--- START ---

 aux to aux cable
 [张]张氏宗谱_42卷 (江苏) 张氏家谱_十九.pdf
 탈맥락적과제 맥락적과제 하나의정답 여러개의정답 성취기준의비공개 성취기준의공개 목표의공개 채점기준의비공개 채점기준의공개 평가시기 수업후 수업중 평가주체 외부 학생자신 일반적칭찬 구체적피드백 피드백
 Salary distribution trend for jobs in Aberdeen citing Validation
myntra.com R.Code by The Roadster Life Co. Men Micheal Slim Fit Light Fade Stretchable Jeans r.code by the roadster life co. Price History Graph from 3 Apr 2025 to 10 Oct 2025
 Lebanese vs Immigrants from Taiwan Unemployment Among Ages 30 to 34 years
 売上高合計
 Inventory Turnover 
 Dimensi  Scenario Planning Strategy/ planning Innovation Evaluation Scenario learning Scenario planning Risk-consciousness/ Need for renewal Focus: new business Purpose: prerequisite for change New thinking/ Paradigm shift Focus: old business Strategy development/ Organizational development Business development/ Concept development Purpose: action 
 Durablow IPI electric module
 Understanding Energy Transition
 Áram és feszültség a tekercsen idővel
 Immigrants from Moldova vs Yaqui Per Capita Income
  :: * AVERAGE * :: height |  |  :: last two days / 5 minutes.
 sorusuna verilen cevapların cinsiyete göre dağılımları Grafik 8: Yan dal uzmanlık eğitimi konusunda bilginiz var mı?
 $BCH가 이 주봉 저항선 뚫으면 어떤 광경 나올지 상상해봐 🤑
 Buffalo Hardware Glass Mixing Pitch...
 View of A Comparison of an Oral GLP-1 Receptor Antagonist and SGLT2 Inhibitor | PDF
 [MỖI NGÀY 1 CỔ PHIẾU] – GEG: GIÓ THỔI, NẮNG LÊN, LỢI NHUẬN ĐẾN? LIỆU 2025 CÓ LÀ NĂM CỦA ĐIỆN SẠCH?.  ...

--- END ---

■ **Work item**
From the line that contains "sorusuna verilen cevapların" down to the final line of the entries, print every line exactly as it is, and only those lines.

■ **Answer box**
 sorusuna verilen cevapların cinsiyete göre dağılımları Grafik 8: Yan dal uzmanlık eğitimi konusunda bilginiz var mı?
 $BCH가 이 주봉 저항선 뚫으면 어떤 광경 나올지 상상해봐 🤑
 Buffalo Hardware Glass Mixing Pitch...
 View of A Comparison of an Oral GLP-1 Receptor Antagonist and SGLT2 Inhibitor | PDF
 [MỖI NGÀY 1 CỔ PHIẾU] – GEG: GIÓ THỔI, NẮNG LÊN, LỢI NHUẬN ĐẾN? LIỆU 2025 CÓ LÀ NĂM CỦA ĐIỆN SẠCH?.  ...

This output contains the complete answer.